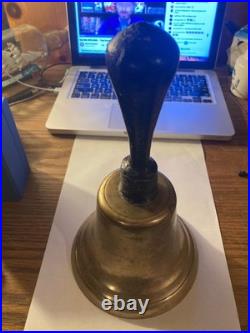 Antique Brass School Bell 10 Inches! Wood Handle Country Hand Heavy! 1850-1890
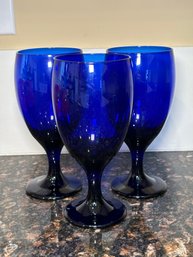 R1 Blue Glassware Goblet Wine Glasses, Set Of 3
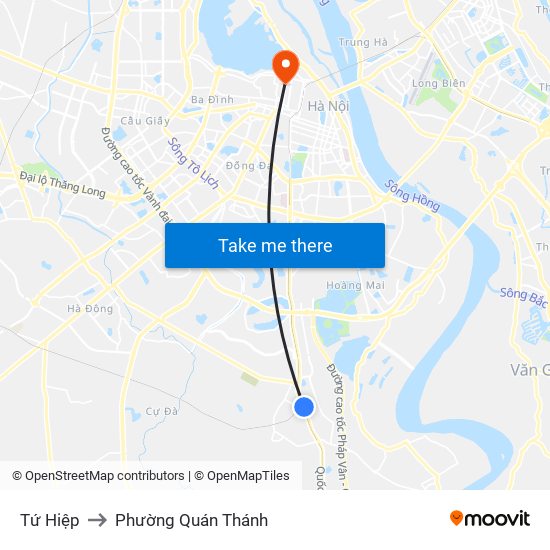 Tứ Hiệp to Phường Quán Thánh map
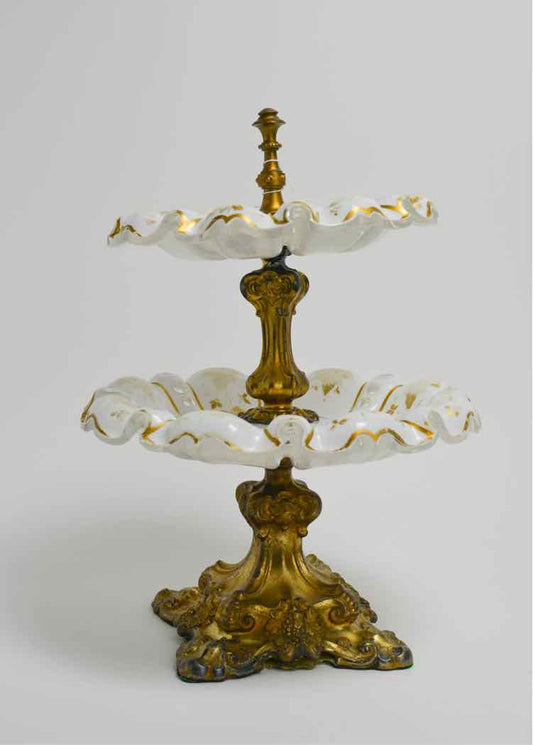 Victorian Art-2-Tier Glass/Brass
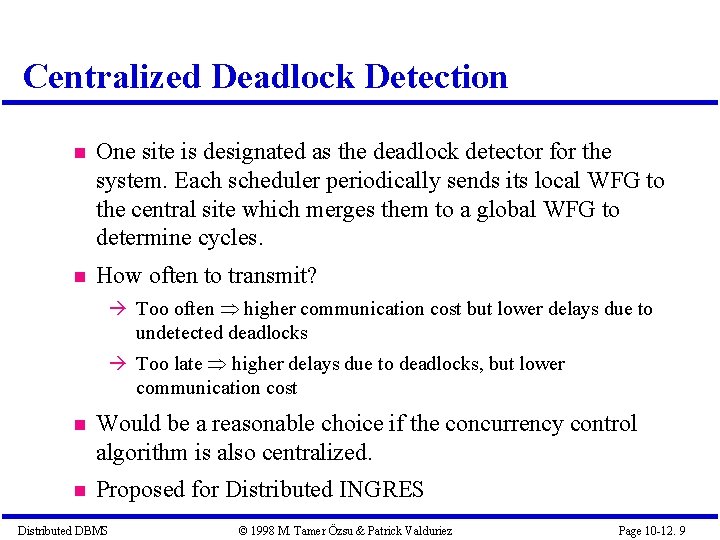 Centralized Deadlock Detection One site is designated as the deadlock detector for the system.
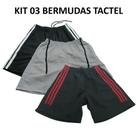 Kit 03 Bermudas Masculina Tactel - 38 ao 44, Academia , Lazer, Treino e Futebol
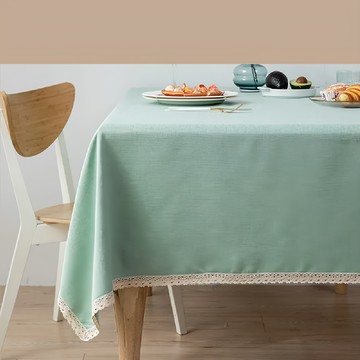 Hoom禾慕生活 純色防水桌布 聚酯纖維  180 x 140cm  蒂芬尼綠  1個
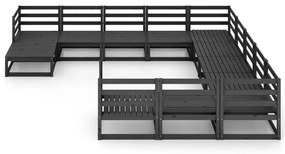 Set divani da giardino 12 pz in legno massello di pino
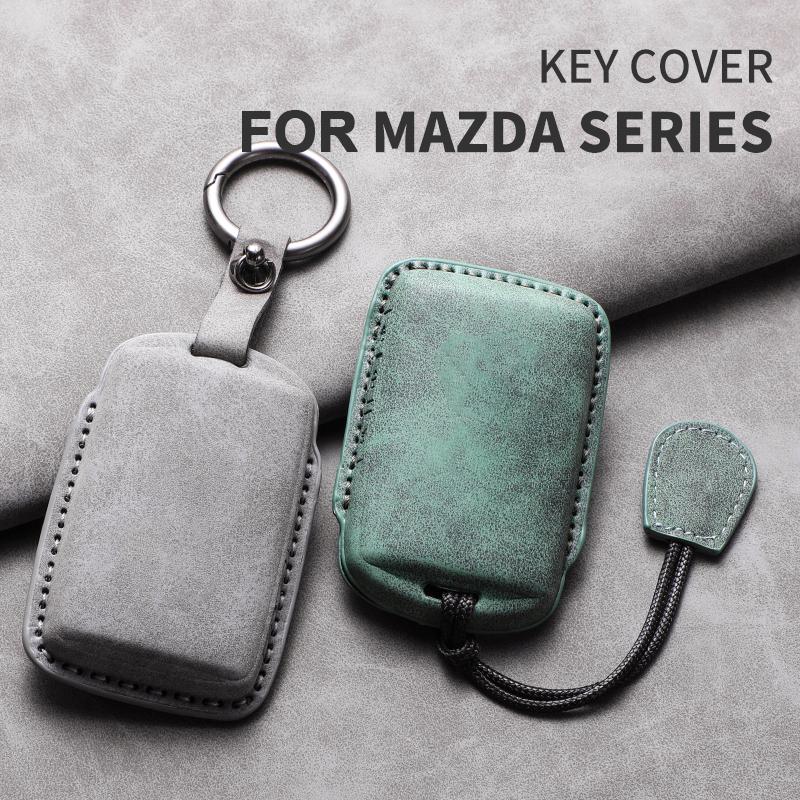 Fit For Mazda 3 Axela Key Fob Case Cx5 Cx4 Attila Cx50 Travel Cx30 Genuine Leather Auto Key Fob Mount Case Flip Flop Key Ring Automotive Auto
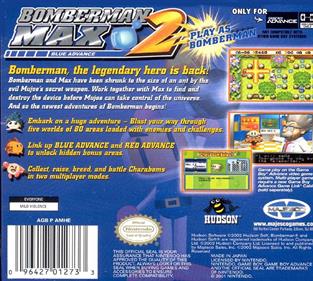 Bomberman Max 2: Blue Advance - Box - Back Image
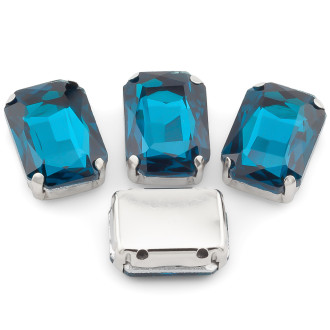 Стразы в цапах пришивные Прямоугольник 6х8 мм 10 шт. Море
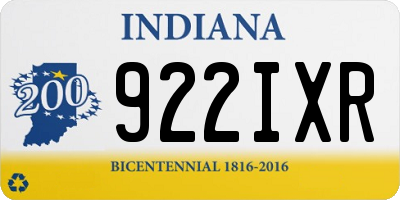 IN license plate 922IXR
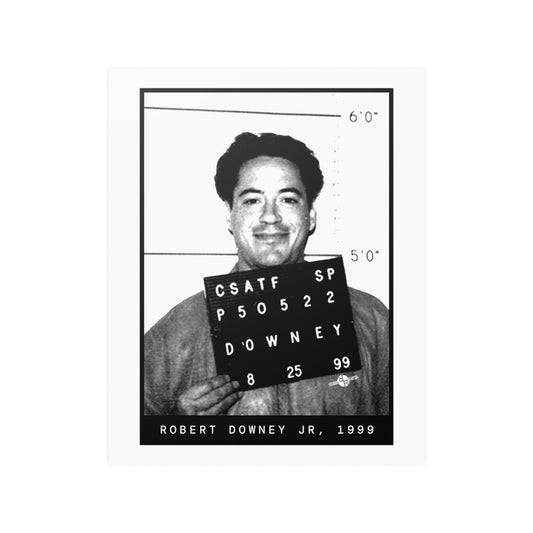 Póster de la foto policial del actor Robert Downey Jr. en 1999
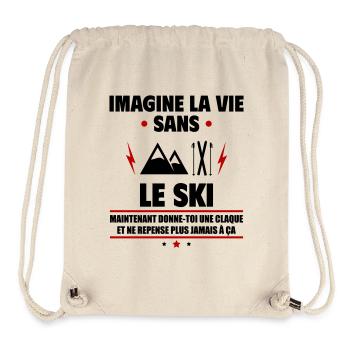 Imagine la vie sans le ski, fête des pères, noël - Sac à cordon recyclé Stanley/Stella - blanc naturel - Devant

▶ Activity
Only the lines from the one with "Hoom禾慕生活 純色防水桌布 聚酯纖維" to the end of the listing, both ends included, should be retyped exactly; no pictures belong in the copy.

▶ Answer to this task
 Hoom禾慕生活 純色防水桌布 聚酯纖維  180 x 140cm  蒂芬尼綠  1個
 Set divani da giardino 12 pz in legno massello di pino
 Fit For Mazda 3 Axela Key Fob Case Cx5 Cx4 Attila Cx50 Travel Cx30 Genuine Leather Auto Key Fob Mount Case Flip Flop Key Ring Automotive Auto
 Bomberman Max 2: Blue Advance - Box - Back Image
 Стразы в цапах пришивные Прямоугольник 6х8 мм 10 шт. Море
 IN license plate 922IXR
 Póster de la foto policial del actor Robert Downey Jr. en 1999
 Imagine la vie sans le ski, fête des pères, noël - Sac à cordon recyclé Stanley/Stella - blanc naturel - Devant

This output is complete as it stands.